Eine der Hauptbotschaften Thoreaus lautet sinngemäß: Weniger ist mehr. Für ihn ist jeder Besitz, jeder Tand nur irdischer Ballast. Die Ärmsten in ihren Hütten sind in seinen Augen viel freier wie die Bürger in ihren stattlichen Palästen. Warum? Einerseits, weil die großen Häuser allesamt über Kredite finanziert wurden und so den Inhaber zu einem Getriebenen machen, der seine wertvolle Zeit verkaufen muss, um die Banken zu bedienen. Zum anderen, weil sich in den großen Häusern so viel Unnützes ansammelt, das nach dem Tod des Besitzers teils verbrannt wird. Soweit, so modern. Wer die Stelle in „Walden“ kennt, wird aber wissen, dass Thoreau kritisiert, dass der ganze Tand eines Reichen nach dessen Tod auf einer Versteigerung von dessen Nachbarn begeistert aufgekauft wird und nun auf deren Dachboden und Speicher deren Tand wird. Heute hätte ich gesagt: Was gibt es daran zu kritisieren? Thoreau hatte sich wohl nicht ansatzweise vorstellen können, dass eines Tages eine Wegwerfgesellschaft entstehen wird, in der selbst teure Technikgeräte nicht repariert, sondern weggeworfen werden, weil das neueste Modell kaum teurer ist als die Reparatur. Was Thoreau eigentlich sagen wollte ist dies: Brauchen wir das ganze Zeugs, das wir besitzen eigentlich? Darüber denke ich nach, als ich heute Morgen frühstücke. Für die gesamten Fünf Tage besitze und benutze ich für meine täglichen Mahlzeiten: 1 kleiner Teller, 1 Tasse, 1 kleine Schüssel, 1 Messer und 1 Löffel. In meiner Hütte stehen ein Stockbett, ein Tisch, zwei Stühle, ein Ofen, 2 Schränke und eine schwere Kiste, voll mit Walden – Exemplaren. Die hätte Thoreau vermutlich als erstes entfernt. Ich denke an zu Hause und wie uns der ganze Tand – Thoreau hat sowas von Recht – immer mehr erdrückt. Wie befreiend es ist, wenn wieder eine Ladung ungenutzter Dinge zum Wertstoffhof gebracht wurde. Und wie deprimierend, festzustellen, dass man für die Entsorgung sogar noch Geld bezahlen muss. „Simplify“ werde ich mir nach meiner Rückkehr ganz groß auf ein Plakat schreiben und dort aufhängen wo ich es gut sehe, wenn ich das nächste Mal „Shopping“ gehe.

Die Nacht

Die Bilder des Tages wirkten in der Nacht noch nach.
Die Bilder des Tages wirkten in der Nacht noch nach.
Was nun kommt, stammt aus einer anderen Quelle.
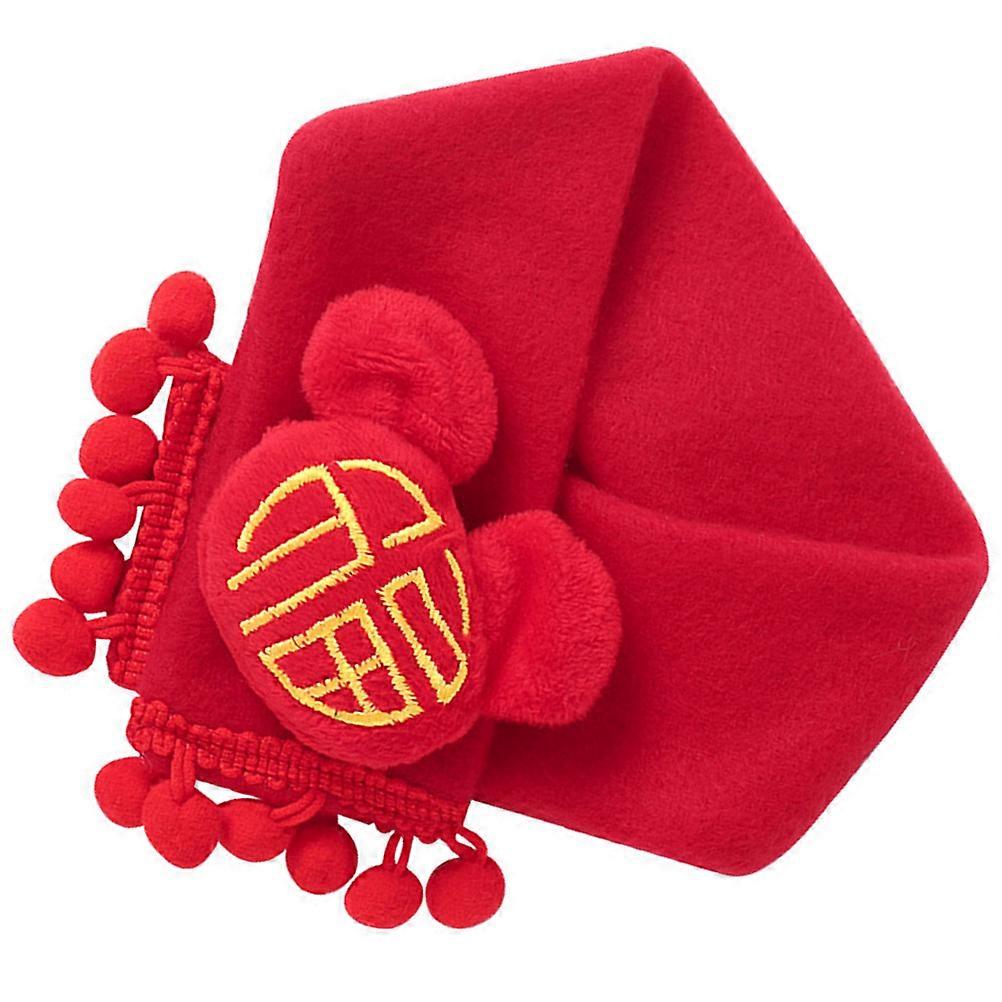 Cat Christmas Gift Red Pet Scarf Breathable Lint Material Durable Warm Comfortable for Pet Use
Gestern beschäftigte mich pünktlich mit der Dämmerung und der heraufziehenden Dunkelheit der Wälder die Einsamkeit. Unzählige Ängste besuchten mich zudem, was in Nächten in der Wildnis so alles passieren könnte. Noch nie zuvor hatte ich alleine in der Wildnis übernachtet. Ich wartete einmal in den Wäldern von Spokane eine Stunde lang in totaler Dunkelheit auf meinen Cousin. Aber da wusste ich, dass die Villa von Bill Gates in der Nähe war und notfalls hätte ich bei ihm geklingelt. Nun hatte ich die Wahl zwischen „Blair Witch Project“ (Unheimliche Ereignisse im Wald) oder „Shining“ (unheimliche Ereignisse in einer Tagungsstätte) auseinanderzusetzen. Ich zog die Hütte vor. Und außer, dass ich matratzenbedingt sehr schlecht schlief, schlief ich sehr, sehr gut, da alptraumlos. 

Am Morgen fiel mir erneut diese unfassbare Stille auf. Es war so still in der Hütte, dass ich ein erstes Mal seit vielen Jahren wieder meinen Tinnitus (an dem ich seit Rock im Park 1998 leide, aber das ist eine andere, folgenreiche, aber ziemlich coole Geschichte) bewusst hören konnte. Ein anderes Phänomen, das ich seit dem Film „Cast Away“, der sich ebenfalls intensiv mit dem Thema Einsamkeit auseinandersetzt, begegnete mir bei Betreten der Tagungsstätte. Obwohl sie menschenleer war, wünschte ich instinktiv „Guten Morgen“, einfach um die weite Stille mit Leben zu füllen und meine eigene Stimme zu hören.